Phase 5: DNS + Expose Gitea & ArgoCD

Now that Traefik has an external IP and cert-manager is running, we can:

  1. Point DNS at the NLB IP
  2. Create the Gitea and ArgoCD ingress resources (with TLS)

5.1 Update DNS

Point the following records to the Traefik NLB IP (from Phase 4):

git.prod.t01tt.tech       → <NLB-IP>
argocd.prod.t01tt.tech    → <NLB-IP>
grafana.prod.t01tt.tech   → <NLB-IP>

Also create a wildcard for future hosts:

*.prod.t01tt.tech         → <NLB-IP>

5.2 Apply Ingresses

kubectl apply -f bootstrap/gitea/ingress.yaml
kubectl apply -f bootstrap/argocd/ingress.yaml

5.3 Wait for TLS Certificates

kubectl get certificate -A -w
# Wait for all to show Ready=True:
#   gitea        gitea-tls                    True
#   argocd       argocd-tls                   True
#   metrics      grafana-tls                  True

Troubleshooting: If certificates are stuck in Pending:

  • Check DNS resolves: dig git.prod.t01tt.tech — must return the NLB IP
  • Check cert-manager logs: kubectl logs -n cert-manager deploy/cert-manager
  • Check challenge: kubectl get challenges -A

Phase 6: Verify Everything

Gitea

https://git.prod.t01tt.tech

Login with the admin credentials from Phase 1. Verify the yandex-prod repo exists.

ArgoCD

https://argocd.prod.t01tt.tech

Login with admin + password from Phase 3. All apps should show green (Synced + Healthy).

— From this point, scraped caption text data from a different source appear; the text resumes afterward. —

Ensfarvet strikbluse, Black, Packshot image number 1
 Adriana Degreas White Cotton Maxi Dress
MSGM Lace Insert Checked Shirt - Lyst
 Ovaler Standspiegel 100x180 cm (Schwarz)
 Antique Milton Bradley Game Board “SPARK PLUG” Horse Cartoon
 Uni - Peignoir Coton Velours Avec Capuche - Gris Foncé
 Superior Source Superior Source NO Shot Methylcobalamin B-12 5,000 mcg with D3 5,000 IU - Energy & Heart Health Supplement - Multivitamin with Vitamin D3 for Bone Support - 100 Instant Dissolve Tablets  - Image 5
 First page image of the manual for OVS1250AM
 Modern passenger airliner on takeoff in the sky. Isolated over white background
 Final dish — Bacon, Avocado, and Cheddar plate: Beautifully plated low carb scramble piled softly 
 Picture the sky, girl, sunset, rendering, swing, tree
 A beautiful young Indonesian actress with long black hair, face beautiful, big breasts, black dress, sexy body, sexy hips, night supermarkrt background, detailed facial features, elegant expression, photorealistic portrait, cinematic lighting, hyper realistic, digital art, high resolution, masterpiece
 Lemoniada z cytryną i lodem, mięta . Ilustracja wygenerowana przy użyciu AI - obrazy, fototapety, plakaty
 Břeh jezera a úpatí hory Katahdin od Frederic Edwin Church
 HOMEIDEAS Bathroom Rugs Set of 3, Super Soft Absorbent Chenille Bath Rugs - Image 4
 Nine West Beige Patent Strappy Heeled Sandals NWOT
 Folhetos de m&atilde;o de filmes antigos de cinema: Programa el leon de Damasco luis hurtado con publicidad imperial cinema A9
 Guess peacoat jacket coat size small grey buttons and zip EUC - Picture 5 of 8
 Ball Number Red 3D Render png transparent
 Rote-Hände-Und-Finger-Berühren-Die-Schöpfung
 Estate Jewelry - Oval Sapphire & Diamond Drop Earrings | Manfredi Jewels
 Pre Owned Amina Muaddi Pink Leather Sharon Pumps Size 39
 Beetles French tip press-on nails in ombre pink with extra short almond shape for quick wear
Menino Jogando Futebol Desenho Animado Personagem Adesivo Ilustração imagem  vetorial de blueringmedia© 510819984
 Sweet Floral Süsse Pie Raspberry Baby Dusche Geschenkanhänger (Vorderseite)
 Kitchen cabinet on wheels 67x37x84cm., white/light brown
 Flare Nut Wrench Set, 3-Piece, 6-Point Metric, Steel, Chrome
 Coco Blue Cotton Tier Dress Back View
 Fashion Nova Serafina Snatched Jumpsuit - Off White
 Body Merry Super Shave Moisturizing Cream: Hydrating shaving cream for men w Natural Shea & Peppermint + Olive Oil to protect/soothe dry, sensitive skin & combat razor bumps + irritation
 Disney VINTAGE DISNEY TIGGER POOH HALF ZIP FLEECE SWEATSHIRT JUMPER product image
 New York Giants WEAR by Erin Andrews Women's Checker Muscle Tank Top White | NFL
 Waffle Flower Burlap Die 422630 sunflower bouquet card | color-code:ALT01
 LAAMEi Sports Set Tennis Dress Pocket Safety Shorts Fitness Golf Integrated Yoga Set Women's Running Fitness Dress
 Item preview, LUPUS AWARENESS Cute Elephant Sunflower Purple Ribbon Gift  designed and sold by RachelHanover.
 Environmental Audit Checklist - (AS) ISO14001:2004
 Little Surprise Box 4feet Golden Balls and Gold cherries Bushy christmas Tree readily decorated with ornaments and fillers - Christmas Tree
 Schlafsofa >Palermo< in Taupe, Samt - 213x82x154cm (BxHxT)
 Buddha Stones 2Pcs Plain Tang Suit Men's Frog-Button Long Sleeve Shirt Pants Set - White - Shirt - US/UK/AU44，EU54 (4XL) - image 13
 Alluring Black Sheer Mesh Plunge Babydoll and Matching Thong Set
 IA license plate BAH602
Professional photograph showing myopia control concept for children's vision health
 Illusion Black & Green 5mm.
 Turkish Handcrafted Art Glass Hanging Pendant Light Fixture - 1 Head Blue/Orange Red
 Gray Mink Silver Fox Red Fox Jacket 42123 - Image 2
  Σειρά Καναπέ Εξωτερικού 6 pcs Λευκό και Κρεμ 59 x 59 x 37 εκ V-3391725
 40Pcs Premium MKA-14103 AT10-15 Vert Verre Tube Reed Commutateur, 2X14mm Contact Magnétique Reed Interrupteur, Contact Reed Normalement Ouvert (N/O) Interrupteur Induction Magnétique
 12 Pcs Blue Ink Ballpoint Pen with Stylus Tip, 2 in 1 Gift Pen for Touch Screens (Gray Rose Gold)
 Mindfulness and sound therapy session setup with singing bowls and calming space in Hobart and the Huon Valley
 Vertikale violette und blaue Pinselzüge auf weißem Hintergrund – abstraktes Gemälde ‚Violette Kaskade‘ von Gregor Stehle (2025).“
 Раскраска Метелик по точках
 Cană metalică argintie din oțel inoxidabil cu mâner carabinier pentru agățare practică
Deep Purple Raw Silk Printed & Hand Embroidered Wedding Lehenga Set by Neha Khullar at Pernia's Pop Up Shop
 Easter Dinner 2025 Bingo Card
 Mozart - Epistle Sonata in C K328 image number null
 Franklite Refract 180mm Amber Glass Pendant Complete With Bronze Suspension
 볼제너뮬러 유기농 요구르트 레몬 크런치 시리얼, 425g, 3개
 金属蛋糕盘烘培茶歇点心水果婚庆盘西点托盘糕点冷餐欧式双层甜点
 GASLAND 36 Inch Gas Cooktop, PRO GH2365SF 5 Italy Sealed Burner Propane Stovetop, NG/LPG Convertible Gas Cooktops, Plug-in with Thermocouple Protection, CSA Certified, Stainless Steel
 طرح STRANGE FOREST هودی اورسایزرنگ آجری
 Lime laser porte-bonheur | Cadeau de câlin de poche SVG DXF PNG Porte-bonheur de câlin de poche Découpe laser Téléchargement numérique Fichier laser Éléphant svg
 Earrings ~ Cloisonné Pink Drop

The Ingress health may show Healthy immediately (by design — see values.yaml customization).

Grafana

https://grafana.prod.t01tt.tech

Login with admin / change-me. Check that VM k8s-stack dashboards are available.

PostgreSQL

kubectl get databases -n cnpg
# Expected: 8 Database resources, one per homeserver

kubectl get pods -n cnpg
# Expected: shared-pg-1, shared-pg-2, shared-pg-3 (Running)

ArgoCD Repo Connection

argocd repo list
# Expected: the Gitea repo with status "Successful"

If not connected, re-add via ArgoCD CLI:

argocd repo add http://gitea.gitea.svc.cluster.local:3000/admin/master.git \
  --name yandex-prod \
  --type git

Or in the ArgoCD UI: Settings → Repositories → Connect repo.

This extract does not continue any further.